How else do you record a Harmonica?

Monday 3 November 2014

Hallelujah

“Human beings like to create and construct roads-this is unarguable. But why, then, do they also love destruction and chaos with such passion? Just tell me that! About this I want to say a few words.
Perhaps the reason men so love destruction and chaos (and it is obvious that sometimes they love them very much indeed, that’s a fact) is that they themselves are instinctively afraid of reaching their goal and completing the edifice they are building. How do you know? Perhaps they only like an edifice from afar. And not at all from close up. Perhaps they only like creating it rather than living in it…”
-Fyodor Dostoevsky, Notes From Underground.

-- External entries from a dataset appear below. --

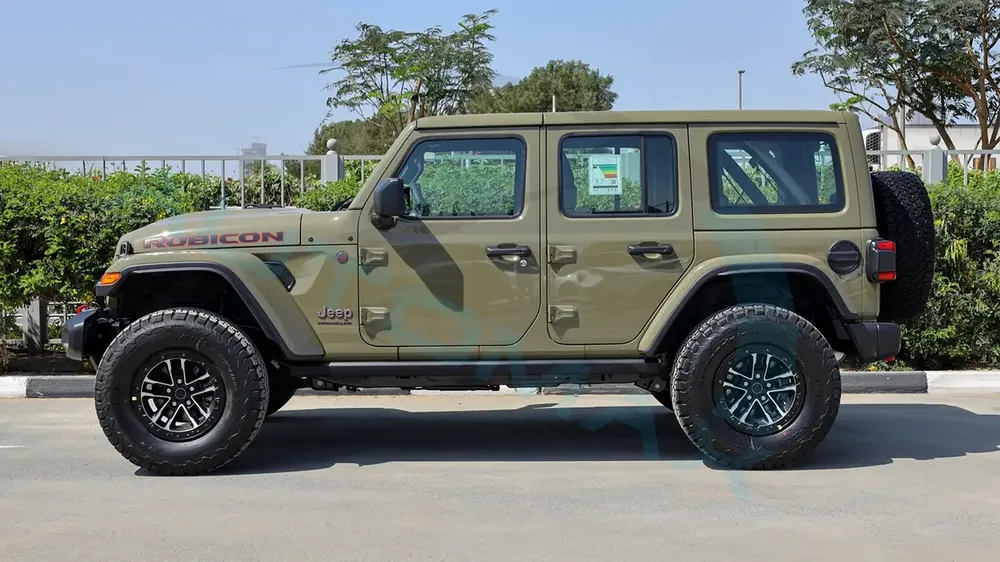 ( For Export ) 2026/2026 Jeep Wrangler Unlimited Rubicon XTREME 4x4 2.0T GCC BRAND NEW - Image 20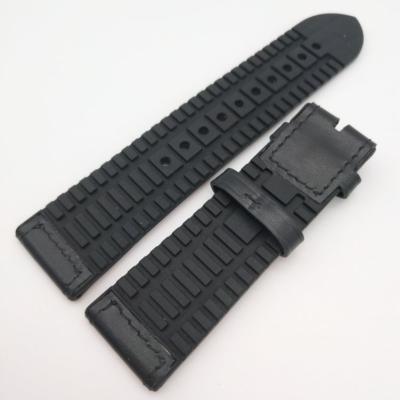 China Welcome To Customize Breathable Logo/Size/Color/Performance Silicone Sport Watch Strap Band 22MM For Samsung Galaxy Frontier/Gear S3 for sale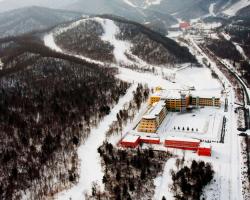 Yabuli International Convention & Exhibition Centre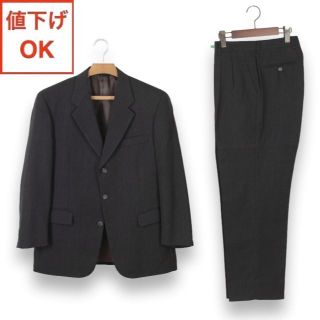 D'URBAN - 39【美品】ダーバン スーツ AB4 メンズ ややゆったり体 M
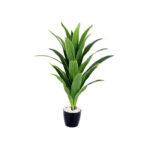 Artificial Dracaena Plant without Pot
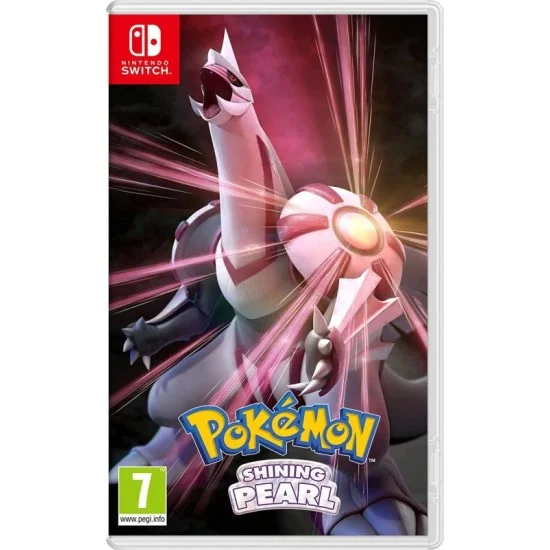Sw Pok&eacute;mon Shining Pearl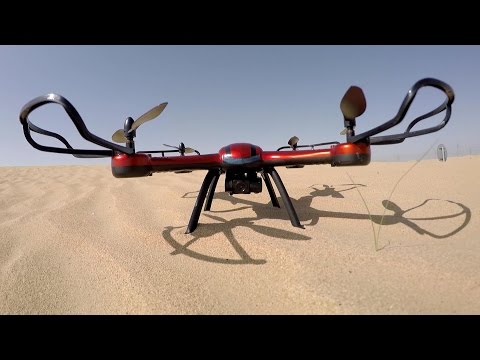 JJRC H11D Real Time FPV Camera Drone Flight - UCsFctXdFnbeoKpLefdEloEQ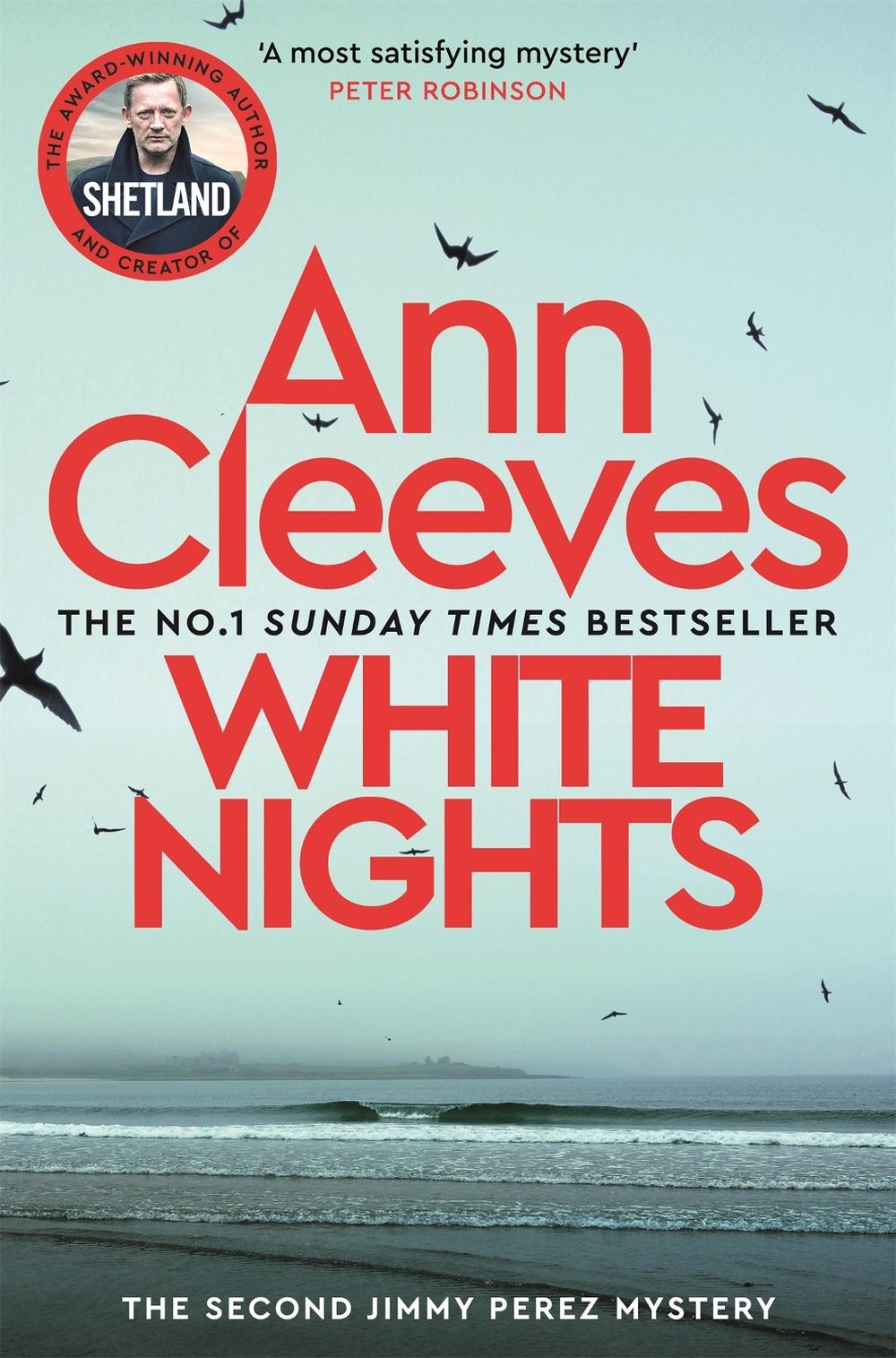 White Nights by Ann Cleeves - ISBN: 9781035097838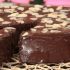 O bolo de chocolate com amêndoas do Marrocos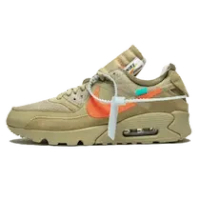 AIR MAX 90 OFF-WHITE DESERT ORE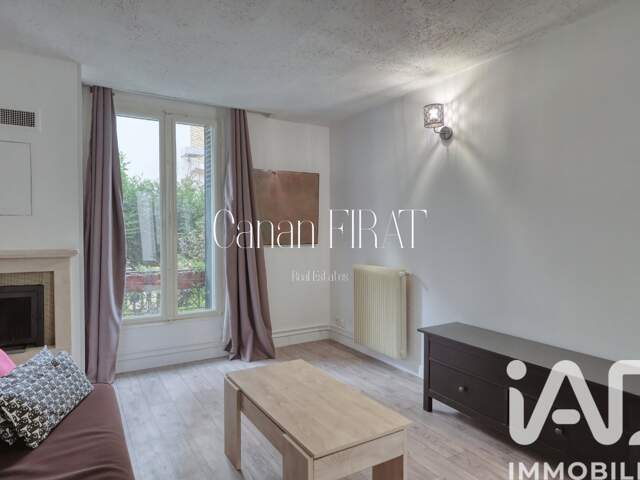 Vente Appartement 3 pièces — photo du bien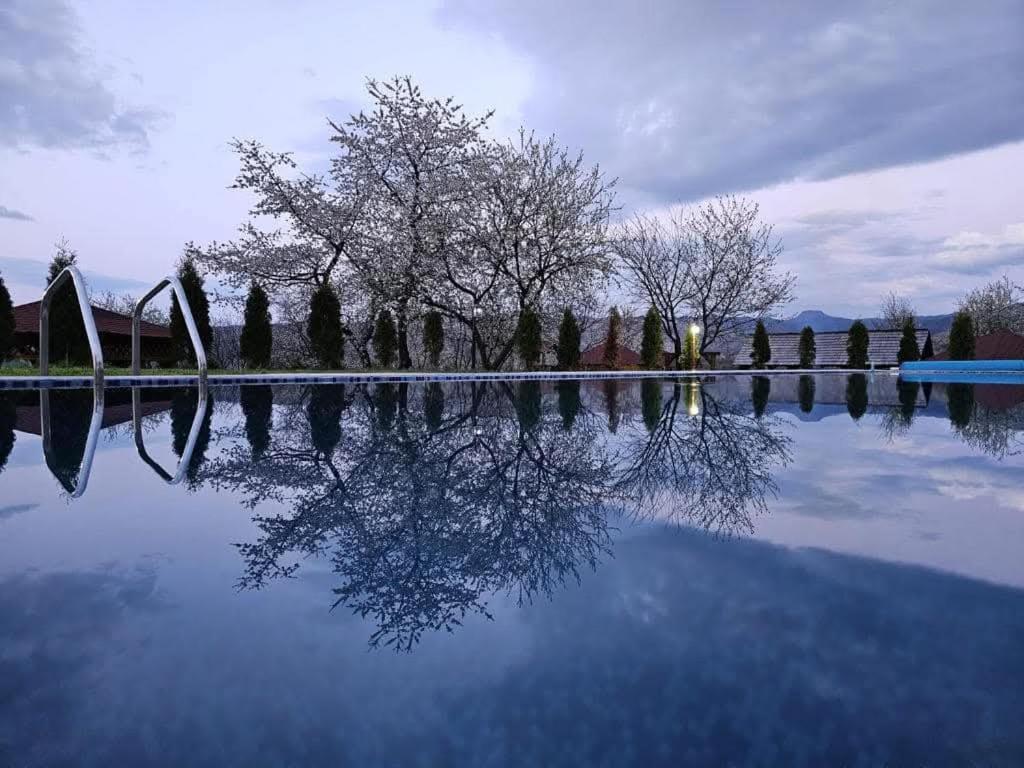 Soare-N Maramures Budeşti Exteriör bild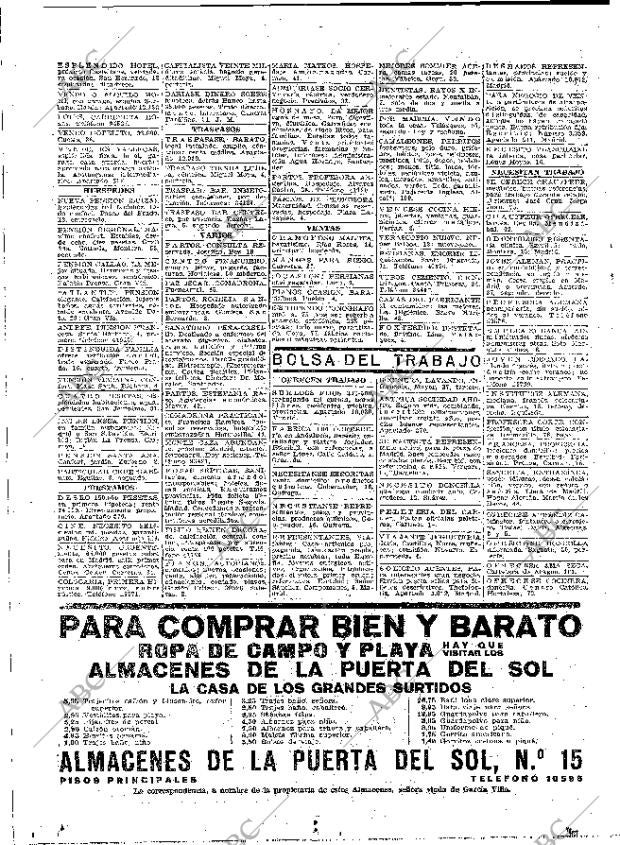 ABC MADRID 17-07-1932 página 62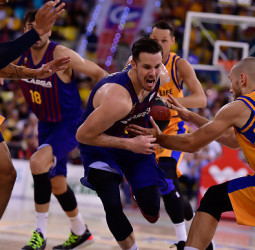 El Herbalife Gran Canaria es superado por un gran Barcelona (77-97)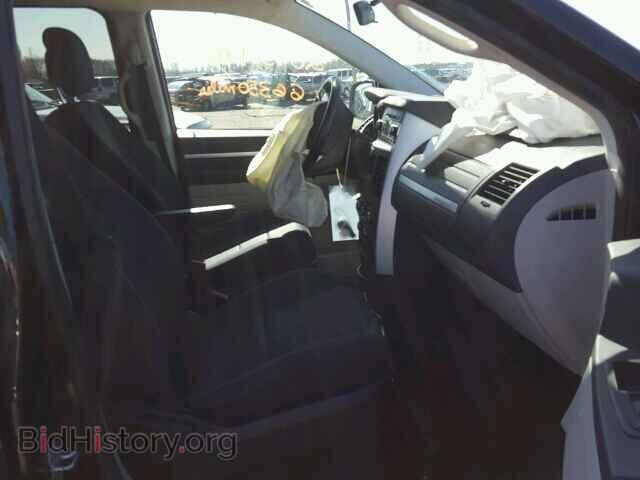2010 DODGE CARAVAN - VIN: 2D4RN3D13AR335860 - Фото 5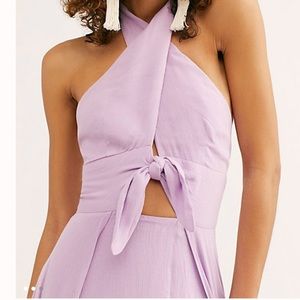 Free People My Long Time Love Maxi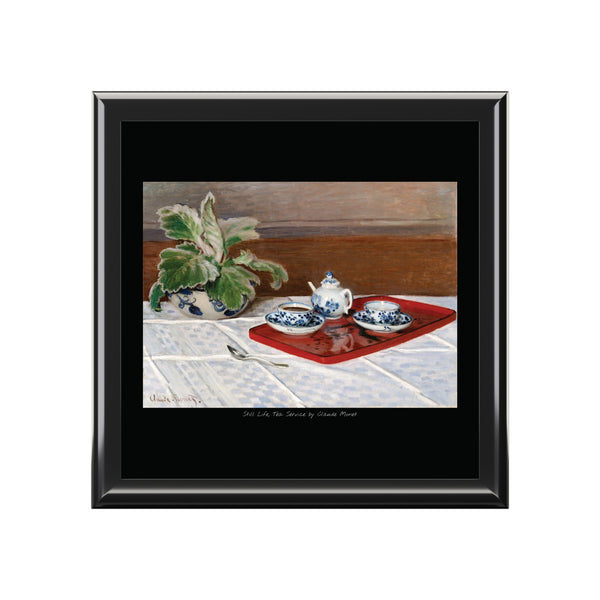 Tea Service | Stash Box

There’s a blaze of light in every word
It doesn’t matter which you heard
The holly, or the broken,



Hallelujah is, perhaps, Leonard Cohen’s most famous song, made infamous by John Cale, Rufus Wainright, and Jeff Buckley’s interpretations of it. In my case the feeling towards the song is one of relief: ‘Hallelujah. It works.’ After a long time coming, I have managed to secure some recording gear that works.

Recording has been an aspiration of mine for years, one prolonged by technical failure and ‘writer’s block’. This first started many years ago when I tried to record with Cubase. Cubase is a top of the line, industry respected, music software suite. I had acquired a ‘light edition’ of the program for free with a guitar pedal. The program had so much copy write and licensing software that it corrupted and corroded my previous laptop. After Cubase, I tried Audacity, the free alternative that was better than Cubase, but still not quite right. Now I have acquired a Tascam multitrack recorder that is the least hassle of them all. It is not perfect but, on my budget, it will do. As the saying goes, a ‘bad workman blames his tools’ and it is a relief to now have tools that undeniably work.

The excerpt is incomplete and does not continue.